AIM OF THE TASK:
An exact, complete copy of the entries is needed, with the pictures left out.

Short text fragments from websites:
===============
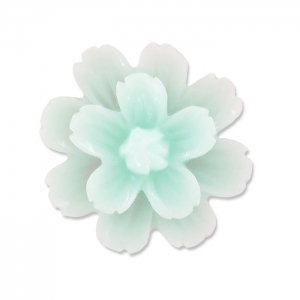 Cabochon fleur en résine  21 mm Mint Clair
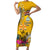 Niue Waitangi Family Matching Short Sleeve Bodycon Dress and Hawaiian Shirt Tropical Flower Tapa Pattern LT03 Mom's Dress Yellow - Polynesian Pride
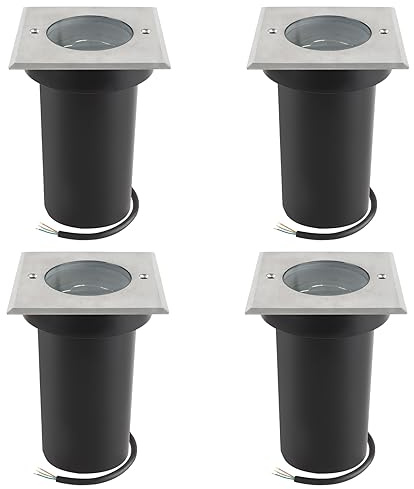 URing Spot Exterieur encastrable orientable pour GU10, IP67 étanche LED Spot Terrasse Extérieur Spot de sol et praticable pour l’extérieur, 230V lampe de sol pour Pelouse, Cour, Ø11x12cm, Carré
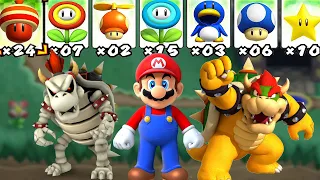 What Happens when Mario, Dry Bowser and Bowser uses Mario's Power-Ups in New Super Mario Bros. U?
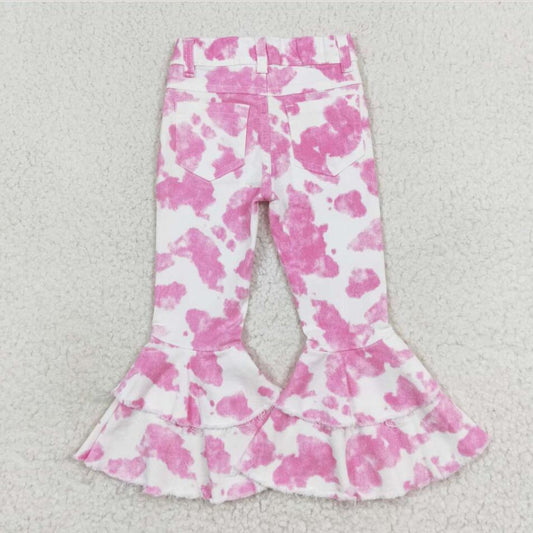 P0406 Baby Girls Pink Cow Double Ruffle Bell Flare Denim Pants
===============
SOLVED PROBLEM:
 Cabochon fleur en résine  21 mm Mint Clair
 Niue Waitangi Family Matching Short Sleeve Bodycon Dress and Hawaiian Shirt Tropical Flower Tapa Pattern LT03 Mom's Dress Yellow - Polynesian Pride
 URing Spot Exterieur encastrable orientable pour GU10, IP67 étanche LED Spot Terrasse Extérieur Spot de sol et praticable pour l’extérieur, 230V lampe de sol pour Pelouse, Cour, Ø11x12cm, Carré
 What Happens when Mario, Dry Bowser and Bowser uses Mario's Power-Ups in New Super Mario Bros. U?
 P0406 Baby Girls Pink Cow Double Ruffle Bell Flare Denim Pants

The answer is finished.